# Animal profile

This file creates the profile output for a group of animals.

| ![](../images/profile.jpg) | 
|:--:| 
|Example of profile. 1 point per animal. Each color represents one cage|

This code computes the total time spent in each behaviour as well as the total number of occurrences of this behaviour for each individual. You can choose to compute this profile either over all the experiment or for each night separately. It provides a plot for the total duration of all the different events and a plot for the total number of occurrences of each behaviour as pdf files. It also provides a txt file with all individual values for each variable, as well as statistics (mixed model for each trait, uncorrected: trait as a function of genotype, with a group effect).


In [1]:
'''
Created on 13 sept. 2017

@author: Fabrice de Chaumont and Elodie Ey
'''

import sys
sys.path.insert(1, "../")

import sqlite3
from lmtanalysis.Animal import *
import numpy as np
import matplotlib.pyplot as plt
from lmtanalysis.Event import *
from lmtanalysis.Measure import *
import colorsys
from collections import Counter
import seaborn as sns

from tkinter.filedialog import askopenfilename
from lmtanalysis.Util import getMinTMaxTAndFileNameInput
from lmtanalysis.EventTimeLineCache import EventTimeLineCached
from lmtanalysis.FileUtil import getFilesToProcess
import statsmodels.api as sm
import statsmodels.formula.api as smf
import pandas
from datetime import datetime


def computeProfile(file, minT, maxT, night):
    
    connection = sqlite3.connect( file )
    
    pool = AnimalPool()
    pool.loadAnimals( connection )
    
    animalData = {} # will then be the 'profileData'
    # animalData[night] = night #Assigning the night

    for animal in pool.animalDictionnary.keys():
        print(f"computing individual animal:{animal}")
        rfid = pool.animalDictionnary[animal].RFID
        print(f"RFID:{rfid}")
        animalData[rfid]= {}        
        #store the animal
        animalData[rfid]["animal"] = pool.animalDictionnary[animal]
        animalData[rfid]["file"] = file
        
        genoA = None
        try:
            genoA=pool.animalDictionnary[animal].genotype
        except:
            pass
                    
        for behavEvent in behavioralEvents[:-2]:
            
            print(f"computing individual event: {behavEvent}")    
            
            behavEventTimeLine = EventTimeLineCached( connection, file, behavEvent, animal, minFrame=minT, maxFrame=maxT )
            
            totalEventDuration = behavEventTimeLine.getTotalLength()
            nbEvent = behavEventTimeLine.getNumberOfEvent(minFrame = minT, maxFrame = maxT )
            print( "total event duration: " , totalEventDuration )                
            animalData[rfid][behavEventTimeLine.eventName+" TotalLen"] = totalEventDuration
            animalData[rfid][behavEventTimeLine.eventName+" Nb"] = nbEvent
            
            print(behavEventTimeLine.eventName, genoA, behavEventTimeLine.idA, totalEventDuration, nbEvent)

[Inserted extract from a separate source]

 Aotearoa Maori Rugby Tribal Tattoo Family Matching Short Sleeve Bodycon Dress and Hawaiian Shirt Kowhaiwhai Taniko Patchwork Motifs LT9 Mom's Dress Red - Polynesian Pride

    header = ["file","strain","sex","group","day","exp","RFID","genotype", "user1", "minTime","maxTime"]
    for name in header:
        text_file.write( "{}\t".format ( name ) ) 
    for kAnimal in animalData:    
        #identify the experiment where the animal comes from:
        animalData[kAnimal]["experiment"] = file  #HD: What does it do ?
        #compute the total distance traveled
        COMPUTE_TOTAL_DISTANCE = True #Change to 'True' OR 'False' if you want OR not to compute total Distance
        if COMPUTE_TOTAL_DISTANCE == True:
            animalData[kAnimal]["animal"].loadDetection( start=minT, end=maxT, lightLoad = True )
            animalData[kAnimal]["totalDistance"] = animalData[kAnimal]["animal"].getDistance( tmin=minT,tmax=maxT)/100
        else:
            animalData[kAnimal]["totalDistance"] = "totalDistance"
        
    # write event keys
    firstAnimalKey = next(iter(animalData))
    firstAnimal = animalData[firstAnimalKey]
    for k in firstAnimal.keys():
        text_file.write( "{}\t".format( k.replace(" ", "") ) )
    text_file.write("\n")
    
    for kAnimal in animalData:
        text_file.write( "{}\t".format( file ) )
        text_file.write( "{}\t".format( "strain" ) )
        text_file.write( "{}\t".format( "sex" ) )
        text_file.write( "{}\t".format( "group" ) )
        text_file.write( "{}\t".format( f"night-{night}" ) )
        text_file.write( "{}\t".format( "exp" ) )
        text_file.write( "{}\t".format( animalData[kAnimal]["animal"].RFID ) )
        text_file.write( "{}\t".format( animalData[kAnimal]["animal"].genotype ) )
        text_file.write( "{}\t".format( animalData[kAnimal]["animal"].user1 ) )
        text_file.write( "{}\t".format( minT ) )
        text_file.write( "{}\t".format( maxT ) )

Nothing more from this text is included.